[Oberon] My "Building Your Own Tools" Papers
Paul Reed
paulreed at paddedcell.com
Mon Aug 16 19:31:08 CEST 2021
On 2021-08-11 01:38, Colby Russell wrote:
> Any chance that the paper ... (Building Your Own Tools: An
> Oberon Industrial Case-Study) could be added [to
> http://projectoberon.com, or]
> ..."An Oberon Linker for an Imperfect World – More Notes on Building
> Your
> Own Tools")?
Hi again Colby,
Thanks for your interest, yeah it would be nice to but unfortunately
not. In those days, Springer kindly published the proceedings of the
JMLC conferences, and required transfer of copyright, so they own it.
I note from duckduckgo that the dead-tree and electronic versions of the
books are still available to purchase online. The references to my
papers are below, but I was pleasantly surprised, the entire volumes are
not prohibitively priced (in contrast to some academic publishing I've
seen!) and there's lots of good stuff in there (besides mine of course)
;-)
https://link.springer.com/chapter/10.1007/10722581_23
https://link.springer.com/chapter/10.1007/978-3-540-45213-3_28
Maybe borrow a physical copy from a library or access via an institution
and see if it's worth it for you. As I say, definitely have a look at
some of the other papers in each volume too while you're at it.
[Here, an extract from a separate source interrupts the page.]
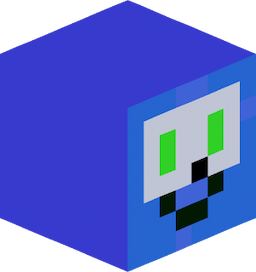 felrome9's avatar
If you have any specific queries about the tools I described or my
approach I'll be happy to answer them, either on the list or privately
(preferably on the list).
I still use these tools (amongst others!) when programming, even after
more than twenty years, and recently added an x86_64 code generator for
Windows, BSD/Linux and macos (based heavily on the i386 generator -
thank you AMD, nice job). I could probably write another paper (in my
copious free time) about all the things I would have done differently,
knowing what I know now. But hindsight is always 20/20... :)
In writing these (encouraged gently but firmly at the time by Pieter
Muller) I was not "open-sourcing" but rather, attempting in some small
way to follow Prof. Wirth's principle that by describing what was done,
people would be able to understand, and not merely copy.